Lyra further offers the network programmers with options that allow them to specify a requirement for optimizing the generated chip code. Such a requirement could be maximizing the usage of a certain switch or compacting the Lyra program to minimize the number of programmed switches in each scope. To achieve this optimization, we implement the constraints specific to each option. For example, we can minimize the number of switches hosting the generated tables by minimizing $\sum_{s \in \text{switches}} \text{If}(f_s(1), 1, 0)$. For another example, we can maximize the number of tables on a specified switch, by assigning a much bigger weight for that specified switch and minimizing the final result.

D MORE DISCUSSIONS

This section discusses more details about Lyra’s implementation, including unifying different ASIC libraries and the expressiveness of Lyra model.

Unifying different ASIC libraries. Given that programmable ASICs from different vendors offer different chip-specific libraries, in Lyra compiler, we hard-code a collection of mapping functions that convert chip-specific libraries into common IR representation. In our experience, we met two types of mapping. First, libraries from different ASICs offer the same functions but with different APIs. For example, in P4, a CRC hash calculation is realized through a combination of `field_list`, `field_list_calculation`, and `modify_field_with_hash_based_offset`; while in NPL, the CRC hash calculation is implemented as a special function call. For this type, Lyra compiler provides a predefined library-function, called `crc_hash()`, which hard-codes the CRC hash calculation APIs in different programmable ASICs.

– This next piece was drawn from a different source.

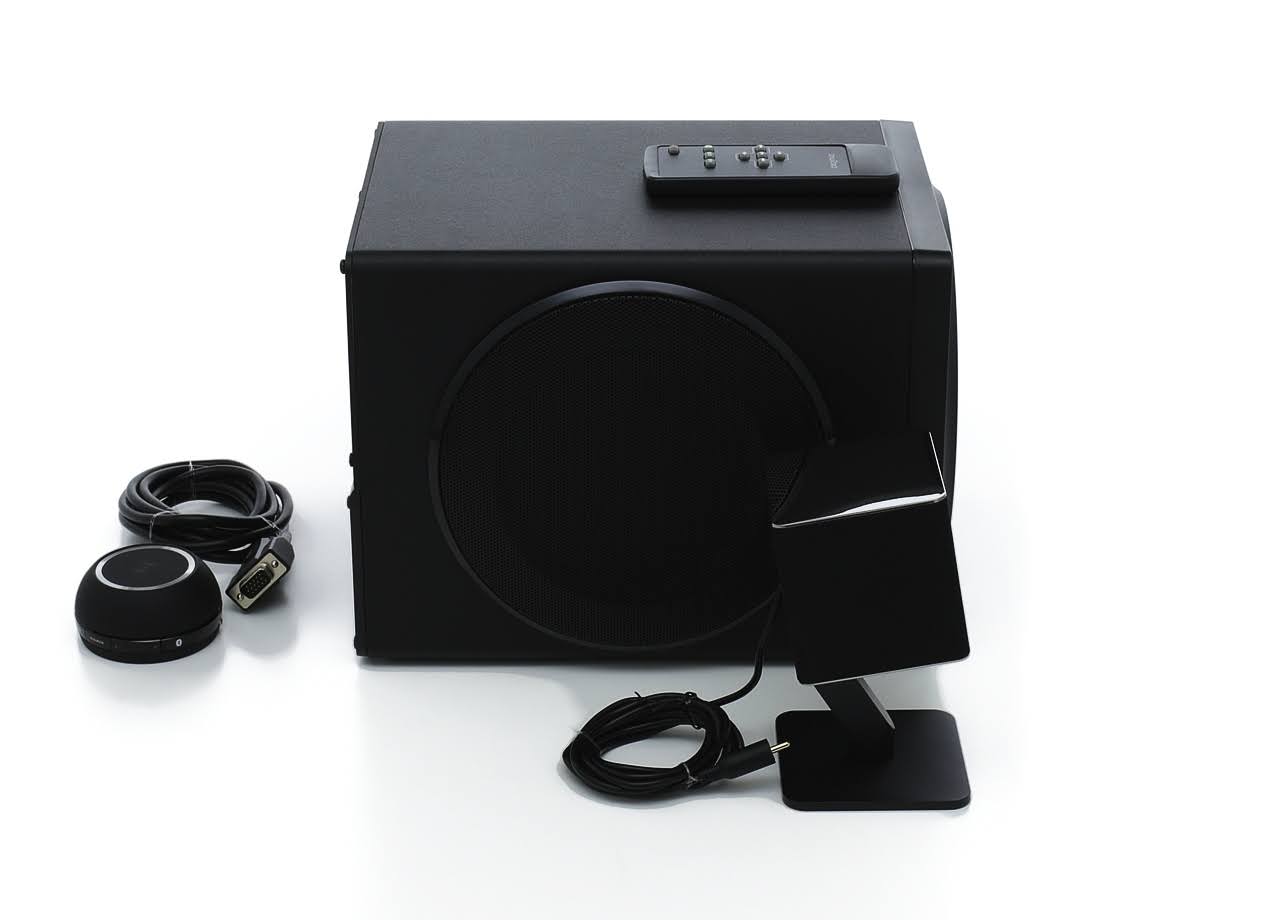 Wireless Speaker System 2.1 Channel K593533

The second type is: some of the chip-specific libraries only exist on their own ASICs. For example, ASIC A may support range matching tables, ASIC B may only provide TCAM matching tables. In this case, Lyra also hard-codes mapping functions to unify the chip-specific features across different ASICs, such as converting the range matching rules (for ASIC A) into multiple TCAM matching rules (for ASIC B). For multi-switch case, Lyra would also search a solution across the ASICs defined in the given scope. If there is no mapping function and cannot find an alternative ASIC, Lyra compiler would report a compilation error.

The expressiveness of Lyra model. Lyra’s constraint solving is built on the SMT solver; thus, our synthesis capability heavily relies on the expressiveness of SMT solver. Although our experience observed that many constraints are hard to encode, we have not seen any of resource constraints that cannot be encoded into SMT model yet. By far, while we are not aware of cases that can not be encoded by Lyra, we cannot exclude such possibility.